Take a leap down the super surrealist rabbit hole
“Surrealism is the invisible ray which will one day enable us to win out over our opponents. You are no longer trembling, carcass. This summer the roses are blue; the wood is of glass. The earth, draped in its verdant cloak, makes as little impression upon me as a ghost. It is living and ceasing to live which are imaginary solutions. Existence is elsewhere.”
André Breton’s conclusion to the Surrealist Manifesto, conceived in written form in 1924, summed up with poetic precision the uninhibited freedom this new, radical and revolutionary art movement sought to realise. A dream is a tangible experience he argued, grander and more interesting than reality. The subconscious was about to be liberated.
Taking inspiration from the words and actions of the movement’s founder, Moderna Museet Malmö has embarked on an experimental exhibition that celebrates the work of surrealists, past and present. THE SUPERSURREALISM, deliberately capped up by way of emphasis, has been allowed to spill out from the gallery space and into every corner of the building. It’s as if you’ve stumbled into Alice’s Wonderland.

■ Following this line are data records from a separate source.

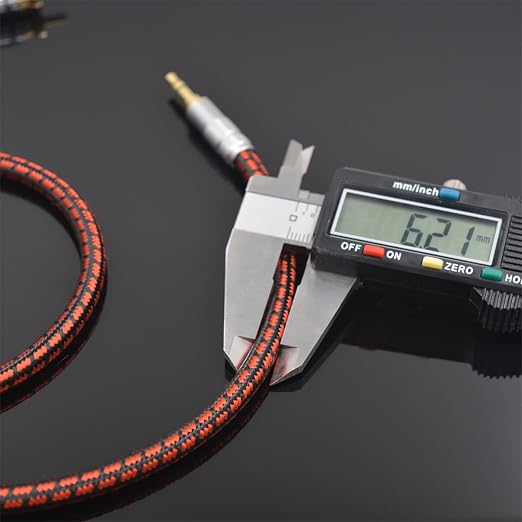 Audiophile High Purity Copper Aux Audio Cable 3.5mm Male to 3.5mm Male Audio - Image 6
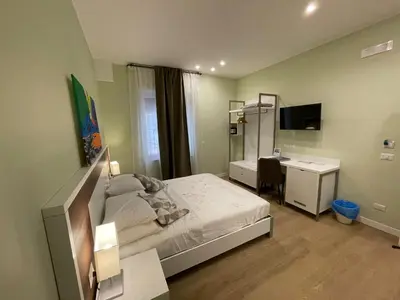 Letto o letti in una camera di La Casa di Ily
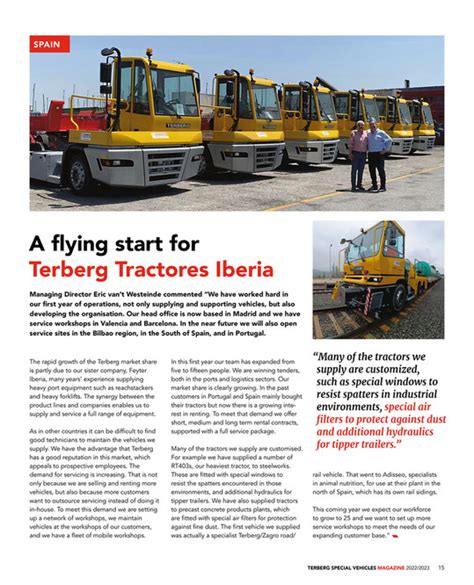 Terberg Special Vehicles Magazine 2022-2023 EN - Page 14-15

“Just before he died, the founder of surrealism, André Breton, said that ‘surrealism existed before me and I believe it will also outlive me’,” said John Peter Nilsson, director of Moderna Museet Malmö and curator of THE SUPERSURREALISM.
“Inspired by his statement, this exhibition features works stretching from 1566 to 2012, arranged according to an inverted chronology in three chapters: before, during and after. Not everything is strictly surrealist, but it can be regarded in relation to surrealism.”

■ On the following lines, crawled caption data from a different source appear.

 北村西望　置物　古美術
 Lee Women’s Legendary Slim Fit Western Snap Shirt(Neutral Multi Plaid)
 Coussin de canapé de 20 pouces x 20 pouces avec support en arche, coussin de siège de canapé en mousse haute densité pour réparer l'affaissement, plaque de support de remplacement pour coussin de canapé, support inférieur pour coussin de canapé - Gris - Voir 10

Instead of starting in the 1920s, as would be expected of a surrealist exhibition, the story goes back as far as 1591. The Italian artist Giuseppe Arcimboldo was centuries ahead of his contemporaries, interpretating his subjects in a decidedly non-figurative way – the entire compositions of a person’s face, subtle facial features and all, were made up of various objects, namely fruit, vegetables and flowers. Some say he was mad, others argue he was just ahead of his time.
Though he achieved fame in his own time, as the years drifted into the silent vaults of history, he was forgotten. It wasn’t until the early half of the twentieth century, when he was rediscovered by artists involved in the surrealist movement, that he would be rescued from the fringes of the great void.
Arcimboldo was an inspiration, an icon whose works suggested deeper and darker influences, independent to the whims of the ruling aristocracy. This naturally appealed to the likes of Salvador Dalí, Meret Oppenheim, Louise Bourgeois, Max Ernst and Man Ray, swashbucklers who revelled in irrationalism.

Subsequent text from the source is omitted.